The large-sample z-statistic can be calculated using the formula:
z = (p̂ - p) / √(p * (1 - p) / n)
where p̂ is the sample proportion (0.69), p is the population proportion in 1991 (0.79), and n is the sample size (1048).
Substituting the values into the formula:
z = (0.69 - 0.79) / √(0.79 * (1 - 0.79) / 1048)
= (-0.10) / √(0.79 * 0.21 / 1048)
= (-0.10) / √(0.1659 / 1048)
= (-0.10) / √0.00015841
= (-0.10) / 0.0126
≈ -7.94
The large-sample z-statistic is approximately -7.94.
To find the P-value for this test, we can use a standard normal distribution table or a calculator. The P-value will be the probability of observing a z-value more extreme than -7.94 in the standard normal distribution.
The P-value for z = -7.94 is extremely small (close to 0). Therefore, we can reject the null hypothesis and conclude that the percent of drivers who enjoy driving their cars has declined since 1991.
To construct a confidence interval for the proportion of U.S. drivers who enjoy driving their automobiles, we can use the following formula:
Confidence interval = p̂ ± (z * √(p̂(1-p̂)/n))
Where:
- p̂ is the proportion of drivers who enjoy driving their automobiles (69% or 0.69 in this case),
- z is the z-score corresponding to the desired confidence level (95% in this case), and
- n is the sample size (1048 in this case).
(a) To find the z-score, we need to determine the critical value for a 95% confidence level. This can be done using a standard normal distribution table or software. The z-score for a 95% confidence level is approximately 1.96.
Now we can calculate the confidence interval:
Confidence interval = 0.69 ± (1.96 * √((0.69 * (1-0.69))/1048))
Confidence interval = 0.69 ± (1.96 * √((0.69 * 0.31)/1048))
Calculating this out, we find that the confidence interval is approximately (0.664, 0.716).
Therefore, we can say with 95% confidence that the true proportion of U.S. drivers who enjoy driving their automobiles is between 0.664 and 0.716.
(b) To test the claim that the percent of drivers who enjoy driving their cars has declined since 1991, we can conduct a hypothesis test. The null hypothesis (H0) is that the percent has not declined (p = 0.79), and the alternative hypothesis (Ha) is that the percent has declined (p < 0.79).

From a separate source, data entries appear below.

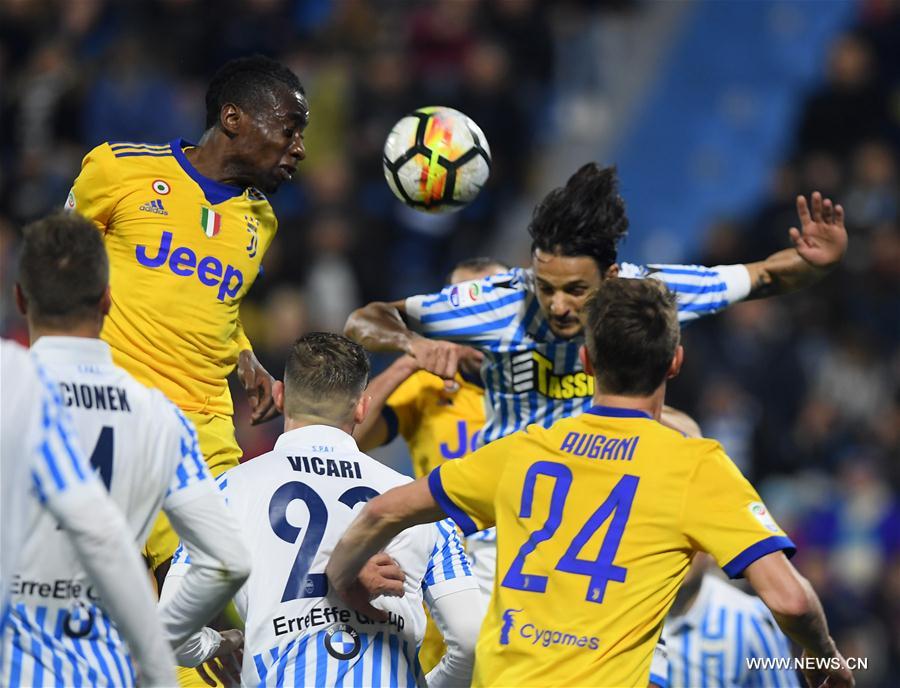 (SP)ITALY-FERRARA-SOCCER-SERIE A-JUVENTUS-SPAL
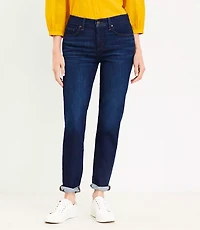 Tall Curvy Girlfriend Jeans in Classic Dark Indigo Wash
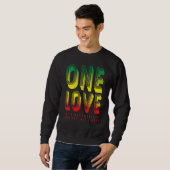 Een liefde voor Reggae Rasta 3 Trui (Voorkant volledig)
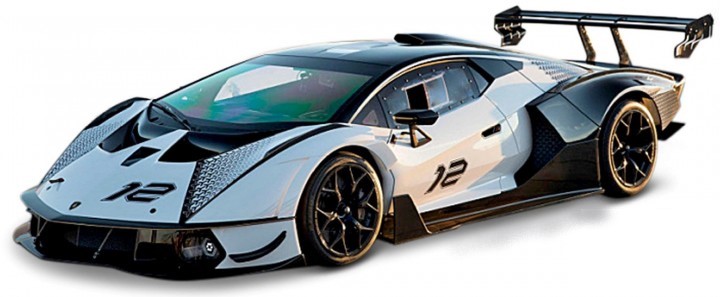Modellino auto scala 1:24 Burago LAMBORGHINI ESSENZA SCV diecast modellismo statico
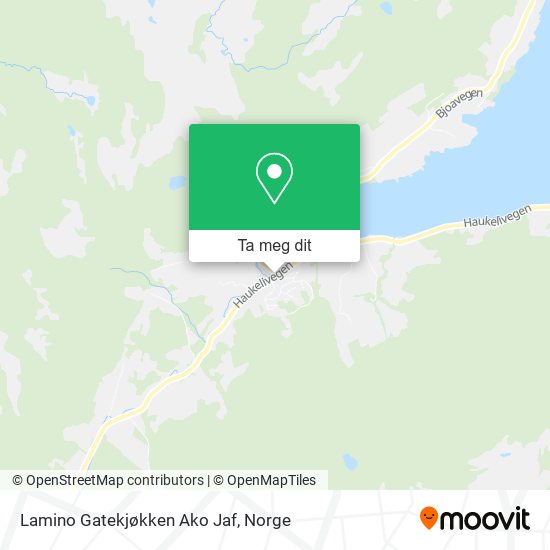 Lamino Gatekjøkken Ako Jaf kart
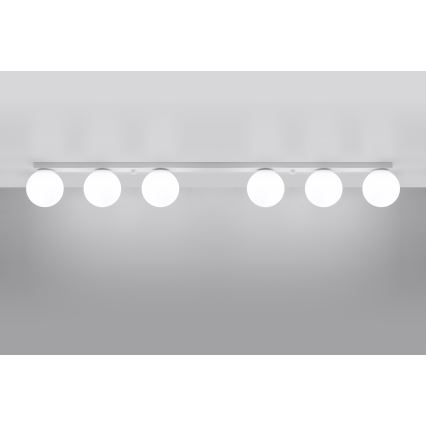 Plafonnier YOLI 6xG9/12W/230V blanc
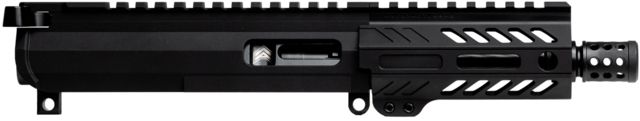 Angstadt Arms Complete Upper Assembly AR-15 4 in Handguard 4.5 in Barrel A2 Flash Hider Picatinny/M-LOK 1/2x36 Black - Angstadt Arms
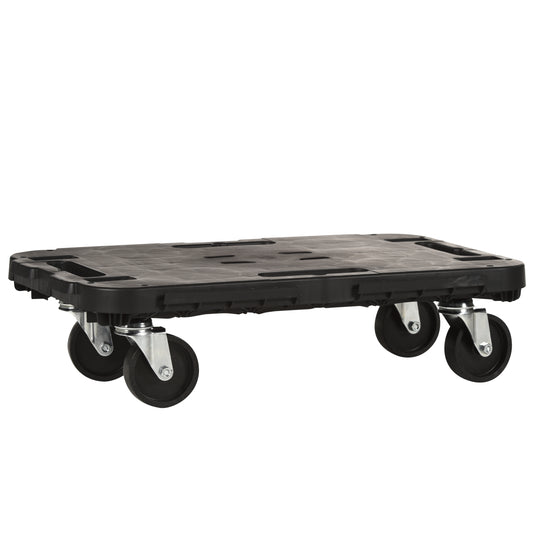 PEDANA C/RUOTE PORT. 300KG CM.48X29X12,5 NERA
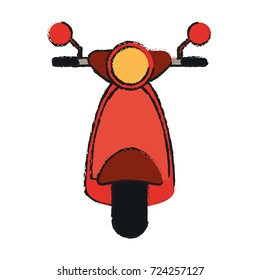 front scooter red vespa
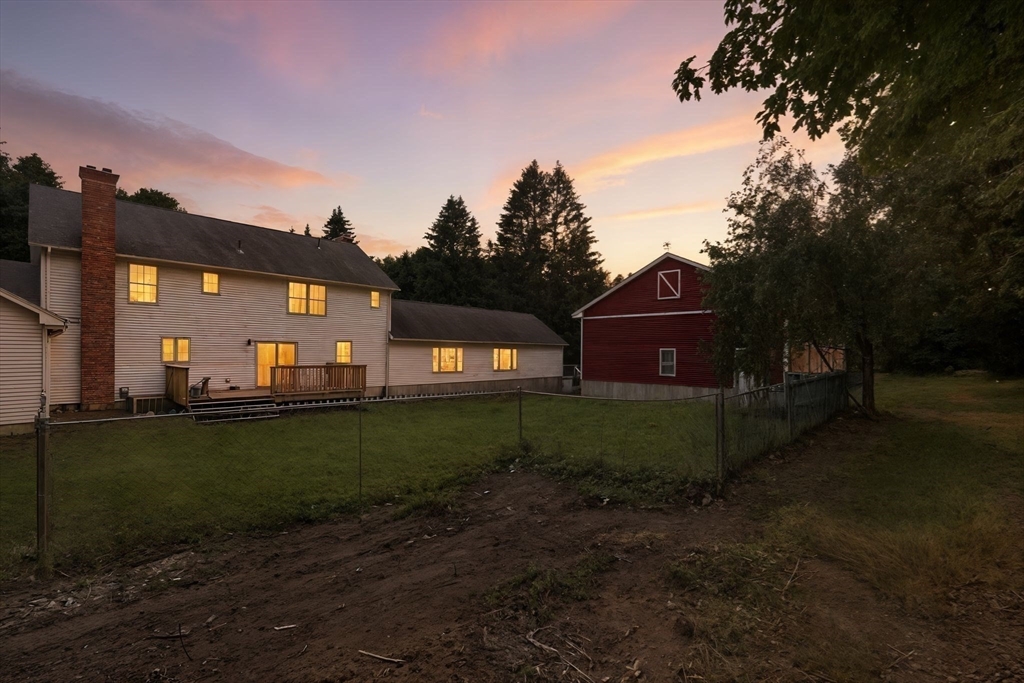 285 Lower Hampden Road Monson, MA 01057 - Photo 36 of 40 a view of house with outdoor space and garden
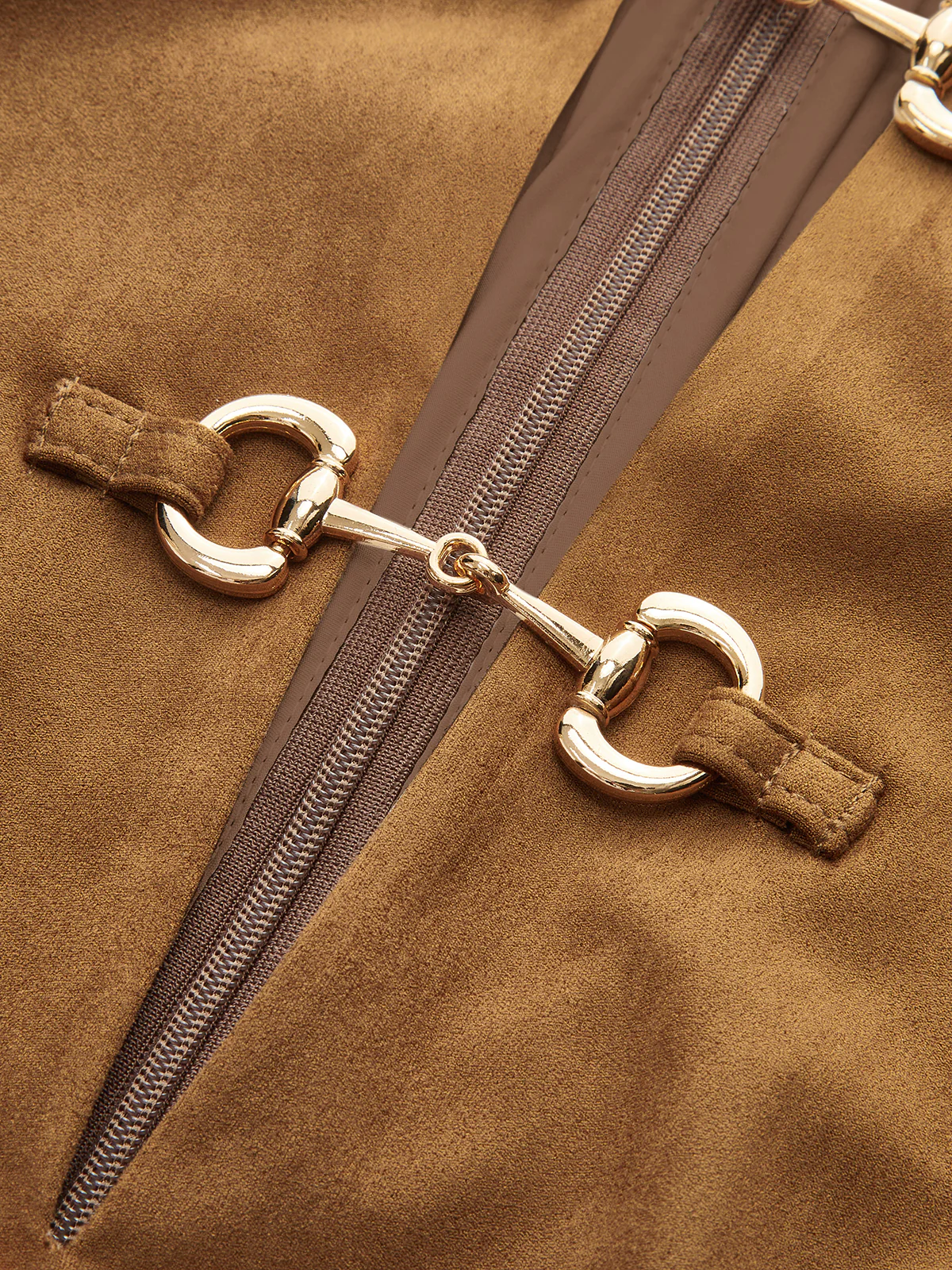 Pleated Hem Panel Suede Effect Mini Dress - Wholesalesil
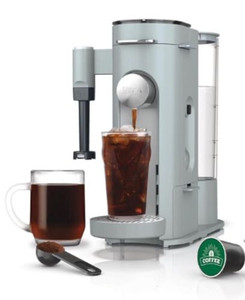 lot 7214 image: Ninja Pods & Grounds Specialty Single-Serve Coffee Maker, K-Cup Pod Compatible, Built-In Milk Frother
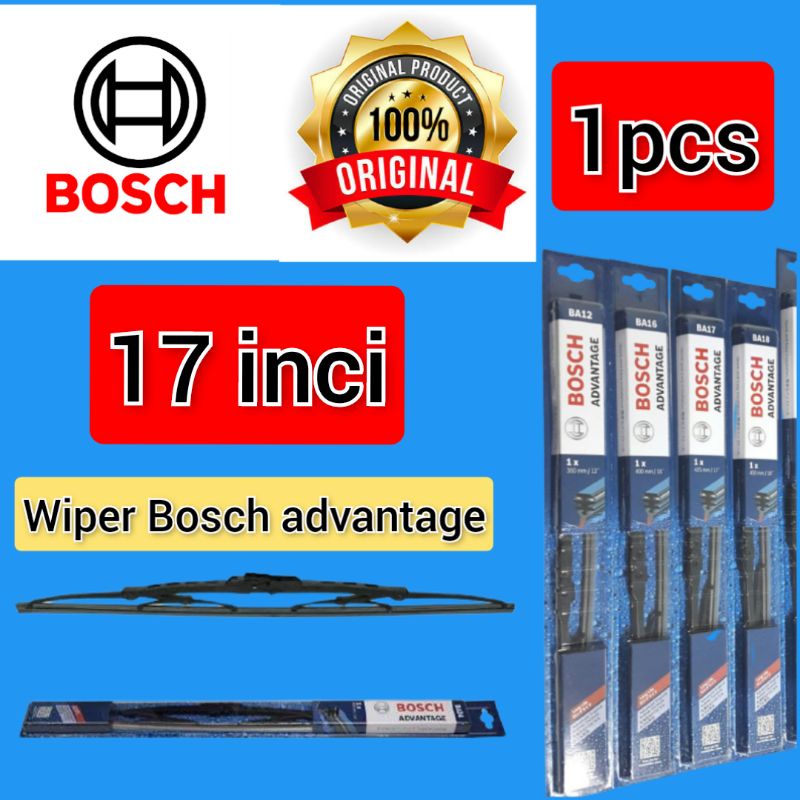 Wiper bosch advantage ukuran 17 inci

To perform this test, we can calculate the z statistic using the formula:
z = (p̂ - p) / √(p * (1 - p) / n)
Where:
- p̂ is the proportion in the sample (0.69),
- p is the proportion from the Gallup Poll in 1991 (0.79),
- n is the sample size (1048).
Calculating this out, we find:
z = (0.69 - 0.79) / √(0.79 * (1 - 0.79) / 1048)
z = -4.818
The large-sample z statistic is -4.818.
To determine the p-value, we can use a standard normal distribution table or software. The p-value is the probability of obtaining a z statistic as extreme as -4.818 or more extreme if the null hypothesis is true.
The p-value corresponding to a z statistic of -4.818 is less than 0.0001.
Therefore, we can conclude that the results from the Pew Research Center poll provide strong evidence to reject the null hypothesis. The proportion of drivers who enjoy driving their cars has declined significantly since 1991, as evidenced by the large negative z statistic and very small p-value.